Posted by: wichmannkm | February 27, 2015 | No Comment |

Polarization PanelOn February 23, the Political Science and Philosophy Departments collaborated to present “Polarization and the U.S. Constitution.” This panel was the first part of a three part series on the U.S. Constitution and featured political science professors, Jordan Ragusa and Claire Wofford, and philosophy professors, Larry Krasnoff and Richard Nunan.  Gibbs Knotts, political science professor and department chair, said the panel “was a good chance to see how scholars from different disciplines wrestle with questions regarding the rise of political polarization and how a document written over 200 years ago continues to be relevant today.”

Professor Ragusa began the discussion by explaining that even though measuring polarization is difficult, today’s Congress is the most polarized in U.S. history. Ragusa attributed this political polarization to the presidential system created by the Constitution. He noted that winner-take-all elections and the two party system have led to extreme polarization and gridlock.  He also said that the intensity of party views and the fact that party leaders have more power in decision making are key factors in the gridlock. As Ragusa noted, “It’s a miracle that anything gets done in Congress.”

According to Professor Nunan, gerrymandering and winner-take-all districts have also increased political polarization. Although nonpartisan committees have been delegated to re-examine  election districts, Nunan is not optimistic that this will achieve desired results. He suggests an alternative election system, known as single transferable vote (STV). For example, our current system in South Carolina has yielded 6 conservative Republicans and 1 liberal Democrat in Congress but that is not truly representative of the 56/44 Republican-Democrat split in our state.

As an expert on the judicial system, Professor Wofford examined whether the U.S. Supreme Court was truly as polarized as the media has led the public to believe. From an ideological perspective, Wofford cited cases such as Bush vs. Gore and Citizens United that resulted in 5-4 decisions but indicated that those cases were not the norm. She added that most cases are not ideological ones; they are law-based and more easily settled. Wofford noted that as the federal government becomes more polarized, it may force the Supreme Court to start making final decisions, which would give the judicial branch more power. She questioned the consequences of unelected justices determining the country’s fate.

Professor Krasnoff agreed with Ragusa that polarization occurs because parties are ideologically sorted and each party is currently more disciplined than they have been historically. He gave the example of the Hastert Rule, the policy that no bill will come to the House unless it is supported by the majority of Republicans. Although some scholars do not see polarization as necessarily being a bad thing, Krasnoff views it as a problem because he said that the Constitution is not functioning as our forefathers had hoped. He added that the intense gridlock experienced within the federal government pushes governance to the state level but states are not equipped to handle these decisions.

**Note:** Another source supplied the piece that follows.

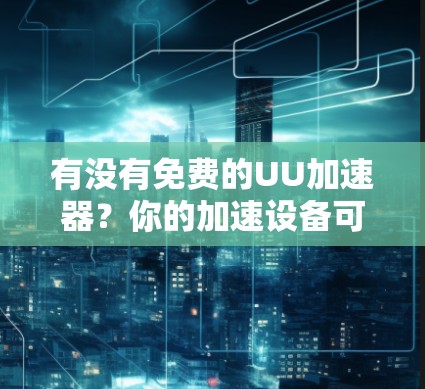 有没有免费的UU加速器?你的加速设备可能有这些限制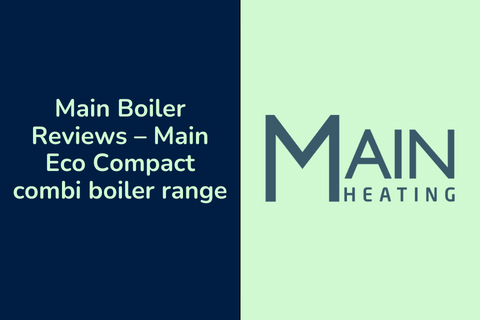 Main Boiler Reviews and Main Eco Compact combi boiler range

When a political science major asked what Americans can do to decrease political polarization, Ragusa responded by saying that it would take a constitutional overhaul. As Ragusa noted, “Baring major constitutional changes, polarization can’t simply be “undone” because it’s largely the product of a long-term realignment in the parties’ policy positions.  Indeed, the parties are ideologically homogenous with clear regional divisions.  I was at a conference where four leading congressional scholars were discussing exactly this issue and only one came up with an answer.  David Rohde at Duke University said: “water.”  He explained that it would take some major national issue or crisis—like a water shortage in the West—that could completely upset the existing ideological and regional balance.”

Interim Provost Brian McGee will present “Religious Belief, Fighting Words, and the First Amendment: U.S. Constitutional Principles and the Charlie Hebdo Massacre” as the second part of the Constitution series. His talk will take place on March 26th at 3:00 p.m. in the Wells Fargo Auditorium.